Fast and memory-efficient genomic signal analysis

Project description

SignalFrame

`load_bed(bed_path: str, extra_col_names: Optional[List[str]] = None)`

Description
Loads a BED file into a pandas DataFrame with standardized column names. Ensures the file contains at least three required columns: chromosome (chr), start (start), and end (end). If additional columns are present, they are automatically named col4, col5, etc., unless custom names are provided via the extra_col_names parameter.

Parameters

bed_path (str): Path to the BED file.
extra_col_names (Optional[List[str]]): Optional list of names for any columns beyond the first three.
Must match the number of extra columns if provided.

Returns

pd.DataFrame: A DataFrame with at least the columns chr, start, and end.
Any additional columns are named automatically (col4, col5, ...) or using the provided names.

Raises

ValueError: If the file has fewer than 3 columns.
ValueError: If the number of extra_col_names does not match the number of extra columns.

Examples

import signalframe as sf

# Load BED file with default column naming
bed_df = sf.load_bed("regions.bed")
print(bed_df.head())

# Load BED file with custom column names
bed_df = sf.load_bed("regions.bed", extra_col_names=["name", "score", "strand"])
print(bed_df.head())

`save_bed(df: pd.DataFrame, output_path: str)`

Description
Saves a pandas DataFrame to a BED-format file using tab-separated values, without writing headers or index columns.

Parameters

df (pd.DataFrame): DataFrame to save. Should ideally include at least chr, start, and end columns.
output_path (str): Path to the output BED file.

Returns

None

Examples

import signalframe as sf

# Save DataFrame as BED file
sf.save_bed(bed_df, "output.bed")

`expand_bed_regions(df: pd.DataFrame, method: Optional[str] = None, expand_bp: Optional[int] = None)`

Description
Expands genomic intervals in a BED-format DataFrame either symmetrically around the center or outward from the edges.
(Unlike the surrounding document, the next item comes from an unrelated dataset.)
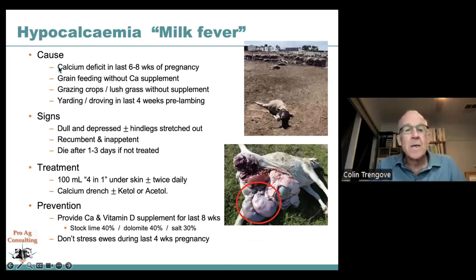Specifically regarding ewes in containment, hypocalcemia is caused by calcium deficiency in the last six to eight weeks of pregnancy when requirements have quadrupled but have not been addressed. This is particularly problematic with grain feeding, since grain is notoriously low in calcium. Without a calcium supplement, animals on grain for more than four to six weeks will end up calcium deficient. These animals typically have their hind legs sprawled out behind them and may remain alive for two to three days before succumbing.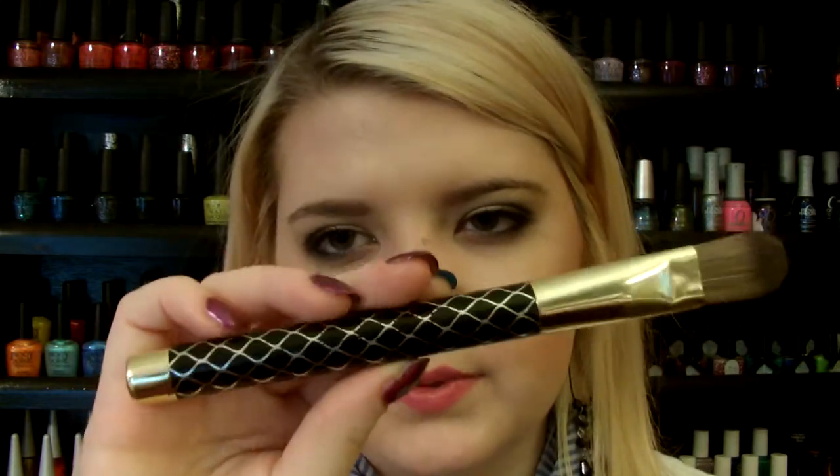Then I have the Soni Kashuk Small Foundation Brush, which came with a holiday collection. As you can see, I haven't used this one as much. I would use this for concealer areas — I forgot to pick up concealer today. I normally would use this for concealer, but I have a new concealer I need to use it with.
Useful for extending peak regions or extracting flanking sequence windows.

Parameters

df (pd.DataFrame): A DataFrame containing at least the columns 'chr', 'start', and 'end'.
method (str, optional): Expansion strategy:
- 'center': Expand symmetrically around the midpoint of each region.
- 'edge': Expand outward from both the start and end coordinates.
- None: Return the original DataFrame without modification.
expand_bp (int, optional): Number of base pairs to expand on each side (required if method is specified).

Returns

pd.DataFrame: A new DataFrame with adjusted 'start' and 'end' coordinates according to the specified expansion strategy.

Raises

ValueError: If the input DataFrame is missing 'start' or 'end' columns.
ValueError: If method is specified but expand_bp is not provided.
ValueError: If method is not one of 'center', 'edge', or None.

Examples

import signalframe as sf

# Example 1: Expand regions by 100 bp around the center
expanded_df = sf.expand_bed_regions(bed_df, method="center", expand_bp=100)

# Example 2: Expand regions by 50 bp from the edges
expanded_df = sf.expand_bed_regions(bed_df, method="edge", expand_bp=50)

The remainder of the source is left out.